But Beth Curtis, a civil rights attorney whose children attended schools in Tahoe-Truckee Unified, said the district should fight NIAA from implementing its trans student athlete policy as violating the Nevada Constitution.

Asking for more time

The district has drafted a plan to transition to the California federation by the 2028-2029 school year after state officials ordered it to take action. It’s awaiting the education department’s response.

Curtis doesn’t think the state will allow the district to delay joining CIF, the California federation, another two years, noting the education department is vigorously defending its law against the Trump administration: “They’re not going to fight to uphold the law and say to you at the same time, ‘Okay, you can ignore it for two years.’”

Tahoe-Truckee Unified’s two high schools with athletic programs, which are located about 6,000 feet (1,800 meters) in elevation, compete against both California and Nevada teams in nearby mountain towns — and others more distant and closer to sea level. If the district moves to the California federation, Tahoe-Truckee Unified teams may have to travel more often in bad weather across a risky mountain pass — about 7,000 feet (2,100 meters) in elevation above a lake — to reach schools farther from state lines.

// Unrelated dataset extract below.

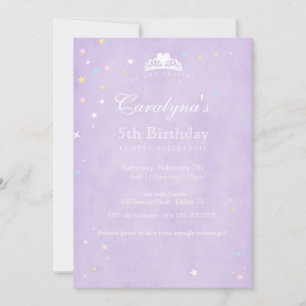 Princess Birthday Einladung Lila Märchenstaub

Coleville High School, a small California school in the Eastern Sierra near the Nevada border, has also long been a member of the Nevada association, said Heidi Torix, superintendent of the Eastern Sierra Unified School District. The school abides by California law regarding transgender athletes, Torix said.

The school has not been similarly ordered by California to switch where it competes. The California Department of Education did not respond to requests for comment on whether it’s warned any other districts not in the California federation about possible noncompliance with state policy.

State Assemblymember Heather Hadwick, a Republican representing a large region of northern California bordering Nevada, said Tahoe-Truckee Unified shouldn’t be forced to join the CIF.

“I urge California Department of Education and state officials to fully consider the real-world consequences of this decision—not in theory, but on the ground—where weather, geography, and safety matter,” Hadwick said.